Try it: Your answer is the lines below, exactly, from the one that contains "Noctuidae Axylia putris Primorye" through the one that contains "Buy Melmac Mushroom Online", both included.

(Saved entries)
◇ ◇ ◇ ◇

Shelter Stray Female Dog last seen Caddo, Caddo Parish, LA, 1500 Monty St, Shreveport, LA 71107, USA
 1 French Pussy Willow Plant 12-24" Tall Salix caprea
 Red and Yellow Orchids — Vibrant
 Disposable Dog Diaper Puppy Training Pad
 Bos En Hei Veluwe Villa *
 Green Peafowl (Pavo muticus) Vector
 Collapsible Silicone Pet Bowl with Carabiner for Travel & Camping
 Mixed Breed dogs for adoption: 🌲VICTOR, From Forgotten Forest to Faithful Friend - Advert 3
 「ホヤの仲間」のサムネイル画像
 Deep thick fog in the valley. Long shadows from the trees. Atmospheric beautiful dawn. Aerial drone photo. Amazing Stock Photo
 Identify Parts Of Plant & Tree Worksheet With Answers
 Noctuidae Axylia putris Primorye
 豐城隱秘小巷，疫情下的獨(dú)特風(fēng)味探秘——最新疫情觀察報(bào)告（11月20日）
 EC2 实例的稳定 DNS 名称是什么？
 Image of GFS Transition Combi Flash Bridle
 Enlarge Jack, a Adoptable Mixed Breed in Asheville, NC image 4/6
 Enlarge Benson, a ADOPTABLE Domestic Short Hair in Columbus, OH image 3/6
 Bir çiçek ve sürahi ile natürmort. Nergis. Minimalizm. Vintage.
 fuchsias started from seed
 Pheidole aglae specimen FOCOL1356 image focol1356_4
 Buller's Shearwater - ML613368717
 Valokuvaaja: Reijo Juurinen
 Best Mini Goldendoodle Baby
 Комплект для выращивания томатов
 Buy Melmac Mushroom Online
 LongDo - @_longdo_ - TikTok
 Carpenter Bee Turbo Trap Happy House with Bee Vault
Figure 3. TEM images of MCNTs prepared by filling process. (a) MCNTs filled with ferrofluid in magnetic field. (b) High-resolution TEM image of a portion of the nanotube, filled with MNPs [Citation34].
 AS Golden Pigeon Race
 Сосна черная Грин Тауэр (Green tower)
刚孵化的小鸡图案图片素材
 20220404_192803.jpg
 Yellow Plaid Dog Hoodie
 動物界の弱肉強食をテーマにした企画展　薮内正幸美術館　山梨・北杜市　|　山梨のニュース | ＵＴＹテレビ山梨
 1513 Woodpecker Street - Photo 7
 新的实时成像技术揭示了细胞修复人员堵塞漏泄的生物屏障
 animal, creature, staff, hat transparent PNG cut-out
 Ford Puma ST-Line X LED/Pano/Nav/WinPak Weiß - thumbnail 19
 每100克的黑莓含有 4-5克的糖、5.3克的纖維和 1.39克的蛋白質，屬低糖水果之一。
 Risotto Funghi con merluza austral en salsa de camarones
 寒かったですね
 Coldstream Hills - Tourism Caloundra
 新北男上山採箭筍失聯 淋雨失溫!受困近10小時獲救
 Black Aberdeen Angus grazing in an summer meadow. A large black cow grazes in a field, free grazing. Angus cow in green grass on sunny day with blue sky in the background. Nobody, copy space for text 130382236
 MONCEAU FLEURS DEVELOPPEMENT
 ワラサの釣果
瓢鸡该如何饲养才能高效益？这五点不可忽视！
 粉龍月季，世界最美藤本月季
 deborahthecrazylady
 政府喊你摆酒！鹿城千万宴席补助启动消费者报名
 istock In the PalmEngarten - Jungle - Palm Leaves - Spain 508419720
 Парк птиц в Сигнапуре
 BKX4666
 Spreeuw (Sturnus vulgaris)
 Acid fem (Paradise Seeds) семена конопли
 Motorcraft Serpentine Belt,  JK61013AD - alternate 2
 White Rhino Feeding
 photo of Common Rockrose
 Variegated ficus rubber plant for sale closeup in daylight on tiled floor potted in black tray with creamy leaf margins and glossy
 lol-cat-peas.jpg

◇ ◇ ◇ ◇

Answer to this exercise:
 Noctuidae Axylia putris Primorye
 豐城隱秘小巷，疫情下的獨(dú)特風(fēng)味探秘——最新疫情觀察報(bào)告（11月20日）
 EC2 实例的稳定 DNS 名称是什么？
 Image of GFS Transition Combi Flash Bridle
 Enlarge Jack, a Adoptable Mixed Breed in Asheville, NC image 4/6
 Enlarge Benson, a ADOPTABLE Domestic Short Hair in Columbus, OH image 3/6
 Bir çiçek ve sürahi ile natürmort. Nergis. Minimalizm. Vintage.
 fuchsias started from seed
 Pheidole aglae specimen FOCOL1356 image focol1356_4
 Buller's Shearwater - ML613368717
 Valokuvaaja: Reijo Juurinen
 Best Mini Goldendoodle Baby
 Комплект для выращивания томатов
 Buy Melmac Mushroom Online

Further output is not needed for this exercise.